Some of them received the clothes of their dead relatives. According to Egyptian law, the families of convicts who received death sentences are notified one day before the executions take place.
The six deceased, Mohamed Bakry, Hani Moustafa, Mohamed Afifi, Abdel Rahman Al-Sayed, Khaled Farag, Islam Sayed, were reported Saturday night to have been taken from the Scorpion prison to an unknown place, where the executions took place.
The first hours of Sunday witnessed reports by Egyptian state media that they were executed at the Ministry of Interior’s Prison Authority.
In October 2014, the Supreme Military Court sentenced seven defendants to death, and another two to life. The sessions were held in the military area in the Hikestep military camp on the Ismailia-Cairo road.
They were charged with, according to the military prosecution, killing a military officer in Cairo in March 2014, and murdering another six soldiers in the same month.
They also faced the charge of killing two high ranking officers during clashes with riot police.
Social media users shared graphic pictures of the dead bodies. Afterwards, the different bodies were taken into different areas were tens participated in the funerals.

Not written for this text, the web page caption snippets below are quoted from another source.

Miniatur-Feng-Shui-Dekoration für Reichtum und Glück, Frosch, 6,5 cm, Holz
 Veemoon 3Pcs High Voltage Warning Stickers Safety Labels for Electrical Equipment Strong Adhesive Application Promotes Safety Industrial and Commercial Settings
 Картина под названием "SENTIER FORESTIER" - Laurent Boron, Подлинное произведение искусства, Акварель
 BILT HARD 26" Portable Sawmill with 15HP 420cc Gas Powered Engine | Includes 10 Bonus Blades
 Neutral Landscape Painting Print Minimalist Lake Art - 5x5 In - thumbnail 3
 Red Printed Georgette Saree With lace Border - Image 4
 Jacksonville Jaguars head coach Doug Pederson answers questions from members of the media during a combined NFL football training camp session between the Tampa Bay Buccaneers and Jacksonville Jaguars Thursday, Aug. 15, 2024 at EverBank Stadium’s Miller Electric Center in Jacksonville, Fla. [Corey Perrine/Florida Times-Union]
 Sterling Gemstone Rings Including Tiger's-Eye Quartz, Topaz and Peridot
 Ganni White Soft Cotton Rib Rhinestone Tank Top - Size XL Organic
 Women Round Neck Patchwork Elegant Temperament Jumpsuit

In Matariya and Ain Shams, Abdel Rahamn Al-Sayed’s hometown, witnessed angry demonstrations by anti government protesters.
Al-Sayed’s sister told a pro-Brotherhood channel that she hoped the “killers of my brother will be prosecuted in this life and the afterlife.”
She denied that he might have been a terrorist, adding that he was kidnapped by the authorities before the Arab Sharkas clashes took place. She added that the last time she saw him he was on hunger strike.
After the executions were confirmed by the interior ministry, unconfirmed reports mentioned that the deceased were executed by a fire squad not by hanging. This narrative was adopted by a number of anti-government social media users.
However, the interior ministry denied the rumour, adding they were hanged, as they received death sentences.
The Egyptian criminal law entails that the defendants who receive death sentences must face death by hanging.
Egyptian courts are still looking into a lawsuit demanding the halt of the execution, as the state council court is set to rule Tuesday whether the approval of the military prosecutor of the execution is legal.